This story starts out being about me. Facebook reminded me this morning that it had been five years since my brother, Clay, and I went to visit the Art Institute of Chicago. It was quite inspiring for me, and probably more so for Clay, an artist who paints with oils.
One of my favorite paintings was of a woman lying on a bed in a boat, her long blonde hair fanned out around her. She appeared to be asleep or dead. The caption accompanying the painting led me to believe she was being returned to her home by boat for her funeral. A man piloting the boat was dressed like the Grim Reaper. I remember the details of the painting were sort of romantic and haunting. I took a photo of the painting with my phone but failed to note the name of the work or the artist.

Which has bugged me ever since. So today when Facebook nudged me with the photo of the painting once more, I did an online search for the painting using words I would use to describe it such as funeral, boat, dead blonde. I have done this same search numerous times, and I have never found the painting.
I gave up on Bing and tried Google. Then a pop-up appeared suggesting I could upload an image to search. Would that work? I took my low-resolution image that Facebook saved and put it in the image search box. Voila! Immediately it found the artist and the name of the painting. It was called “The Beautiful Elaine.” Wouldn’t have gotten that in a million years.
It turns out I am not the only one who was haunted by “Elaine.” The artist, Toby Edward Rosenthal, was born in West Prussia in 1848, and his family moved to San Francisco when he was ten. His artistic talent became apparent early in his life, and he was sent to Munich at age sixteen to study at the Royal Academy.

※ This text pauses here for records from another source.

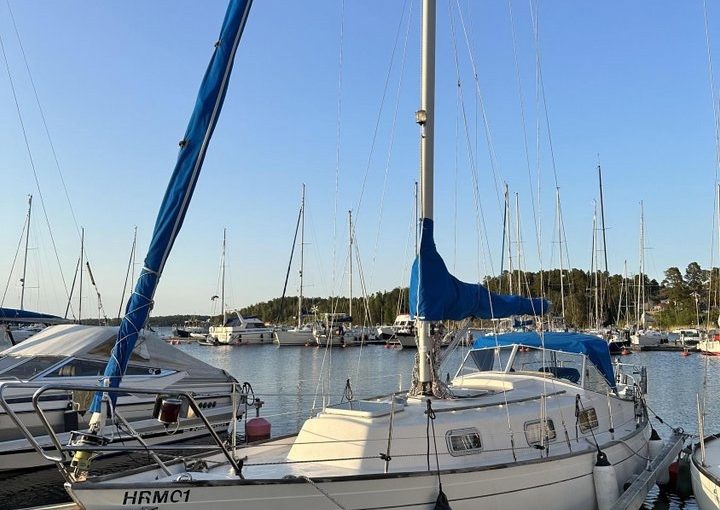 Hallberg-Rassy Monsun with steering wheel control for 20 200 euros!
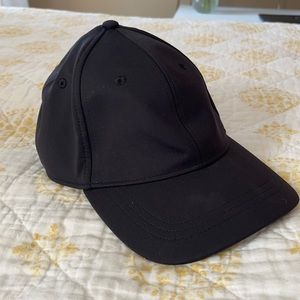 Black lululemon hat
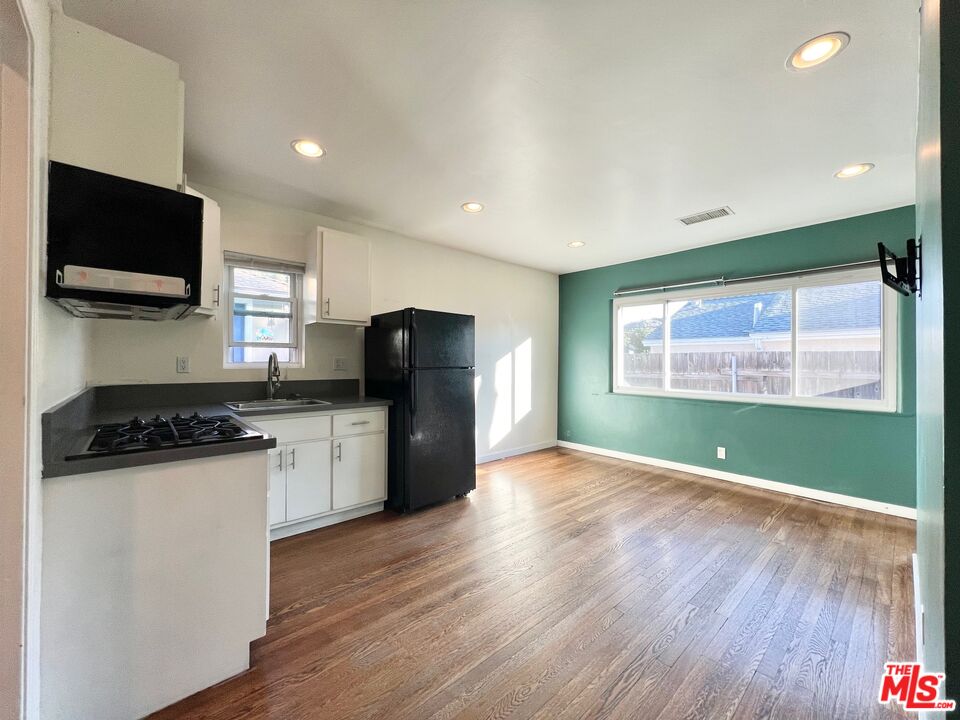 Property photo for 10006 Silverton Ave, Los Angeles, CA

His artistic style was true to the realism of the nineteenth century, and his dramatic portrayals often hinted at stories of romance, danger, abandonment, and death. You can read more about the artist here: Tobias Edward Rosenthal | The Society of California Pioneers.

While Rosenthal studied in Germany, he sent some of his work back to his parents who exhibited them at art fairs in San Francisco. This led to a commission by a wealthy San Francisco banker, a Mr. Parrott. He wanted a portrait based on Alfred Lord Tennyson’s epic poem, Idylls of the King. Tennyson was the British poet laureate during Queen Victoria’s reign. I remember Lord Tennyson’s distinctive mug from playing the card game “Authors” as a child.
Idylls of the King included a story about the legendary Elaine, who died from her unrequited love of Lancelot. Yes, that Lancelot, whose obsession with Queen Guinevere mucked up King Arthur’s Camelot and the Knights of the Roundtable.
I also ran across an earlier version of this Elaine, which I prefer. Her Daddy had his own castle, and Lancelot showed up to compete in a tournament, fighting against King Arthur’s men while in disguise. He wins but is wounded, and Elaine helps him get back on his feet. She is smitten, but his heart still belongs to Guinevere, so she tricks him with a magic potion or two, and he ends up marrying her and fathering her children. The eldest becomes a more successful knight than even Lancelot. Of course, this version doesn’t end with her floating on a barge down the Thames toward Camelot clutching a farewell letter and a lily.
This is not the only legend, poem, or painting dedicated to Elaine. She is sometimes called the Lady of Shallot.
I digress. Back to Toby Rosenthal’s painting. His benefactor, Mr. Parrott, grew tired of Toby’s delays and demands for more money, so he commissioned another artist to paint what he wanted. Rosenthal sold his finished painting to a Mrs. Johnson, who paid several times the original commissioned price. The painting was later exhibited in San Francisco, and large crowds lined up daily for twelve days to see the dramatic painting of the tragic Elaine. Rosenthal’s proud parents were in daily attendance at the public frenzy surrounding the exhibit. Then the painting was stolen! The crowds lined up to view the empty frame. You can’t make this stuff up.
The thief was caught, the painting returned, and over ten thousand people viewed it. The painting won a gold medal at the Philadelphia Centennial Exhibition in 1876. Eventually, it was purchased by Mrs. Maurice Rosenfeld, a Chicagoan, who donated it to the Art Institute in 1917 where I saw it one hundred years later.
If this doesn’t read like a Historical Romance novel, I don’t know what does. No wonder I couldn’t forget the image of Toby Rosenthal’s painting, and I didn’t know half of the story. Perhaps this is the reason I put a nineteenth-century painting in my latest novel in progress.